STORED DATA:
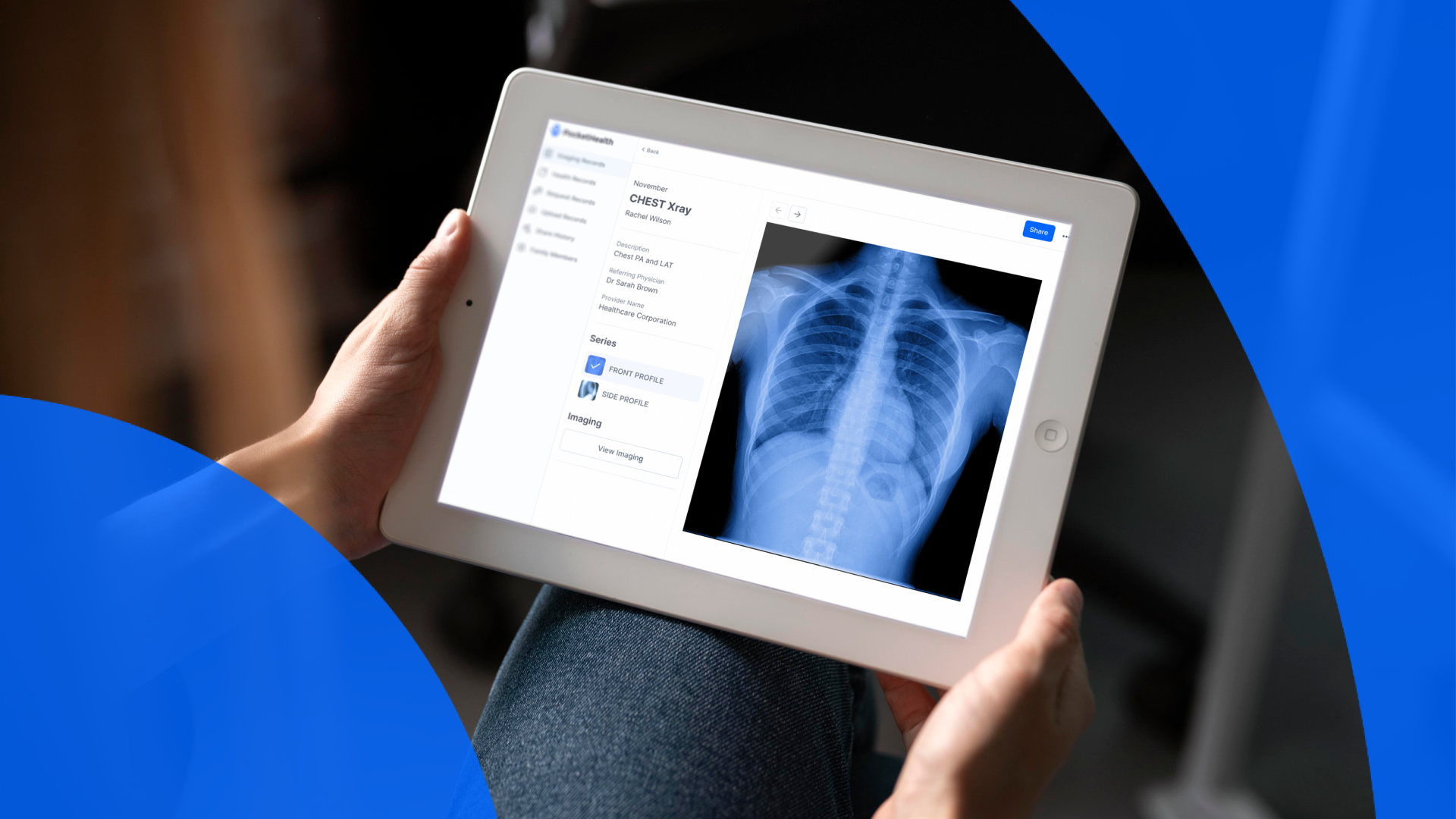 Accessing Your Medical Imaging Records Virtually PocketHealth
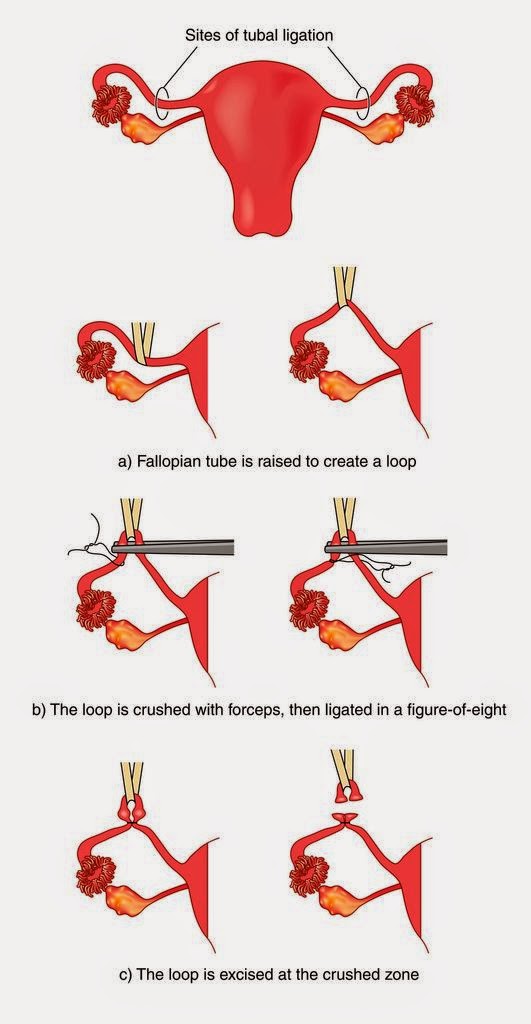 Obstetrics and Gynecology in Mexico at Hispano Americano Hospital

...

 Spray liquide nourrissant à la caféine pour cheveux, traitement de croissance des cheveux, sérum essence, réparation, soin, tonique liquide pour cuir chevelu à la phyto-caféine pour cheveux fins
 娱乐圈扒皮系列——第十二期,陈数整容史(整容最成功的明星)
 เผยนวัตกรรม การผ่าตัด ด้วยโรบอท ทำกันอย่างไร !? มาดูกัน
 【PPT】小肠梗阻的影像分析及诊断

INSTRUCTIONS TO FOLLOW:
Go back to the listing above and write out the lines starting at the one with "Accessing Your Medical" and ending at the one with "Obstetrics and Gynecology", inclusive, exactly and without pictures.

FINISHED TASK:
 Accessing Your Medical Imaging Records Virtually PocketHealth
 Obstetrics and Gynecology in Mexico at Hispano Americano Hospital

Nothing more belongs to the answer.